"Would you still want the agreement written this way if THAT does happen?"
"THAT will never happen," so said the CEO. Forgetting that foreseeable and undesirable events did happen in two past agreements, he ignored the warning and wrote an agreement that later could have boxed him into an unpleasant and compromising position. Previously, he had written two sales commission agreements that now he didn't like. He found himself uncomfortably renegotiating the contracts to exclude the commissions he didn't intend to pay in the first place. He failed to foresee that the years and changing business conditions can lead to extra business being attributed to the representatives, without them having done anything to engender the accounts. For example, one rep initially brought the customer to this company, but no sales really occurred. Years later, the customer had contacted the CEO on their own. The customer's buying personnel had changed and not known about the rep. The rep hadn't contacted them either over the years. Yet, here they were buying product from the CEO's company...and earning commissions for the rep who hadn't worked with the company for many years. The commission agreement did not have any expiration or lapse based on a timeframe that would have allowed the customer to be reassigned as a 'house' account for commission purposes.

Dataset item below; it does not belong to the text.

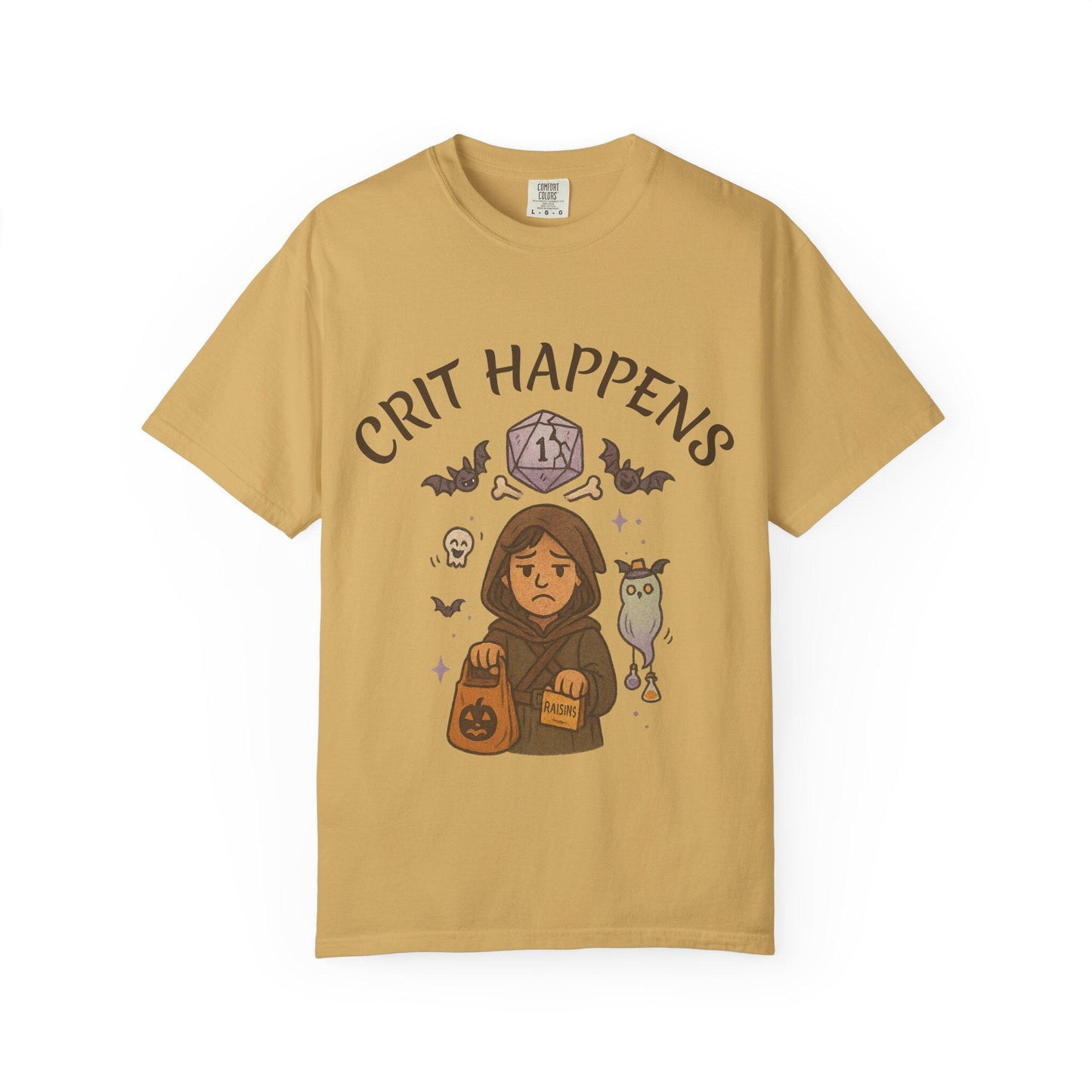 Crit Happens D&D Halloween Shirt, Dungeons and Dragons Shirt, D20 Graphic Tee, Seasonal DM Campaign T-Shirt, Funny DND Dungeon Master Gift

Similarly, I've seen pension plans that failed to evaluate possible scenarios causing payouts to former employees that were not the intention of the management. In one case, the payout was large enough to hurt the current employees' accounts.
Those leaders were put into the awkward situation of 1) showing a lack of integrity by not abiding to the agreement; 2) begging that the other party allow a change in agreement that would be disadvantageous to the other party; or 3) buying their way out of the agreement.
As servant leaders, we serve our organizations when we can keep the ugly from happening as much as possible. When we're sailing, we need to prepare for the storm that could skate over the horizon. We need to run through possible scenarios, understand their probability and plan accordingly. All things are possible, but the probable events are finite. We should be good leaders by making sure we don't jeopardize our organization by assuming the storm won't come because we don't want it to come...or just because we haven't had a storm all the other times we've sailed these waters. (Like buying insurance, you can argue yourself out of it because you've not needed it before, so why buy it now. Unfortunately, accidents happen frequently and it is probable that it will happen in your organization.)
Today, take time to consider the "ugly" event or the storm that could rock your organization. What is the likelihood? What can you do to prepare for it?
For C12 and Truth@Work members, we are asked to think ahead and be prepared in many scripture passages. "Build your house on the rock" (because the storm will come) and "estimate the cost to see if he has money to build it" and "be shrewd as snakes but as innocent as doves" are some of the advisories.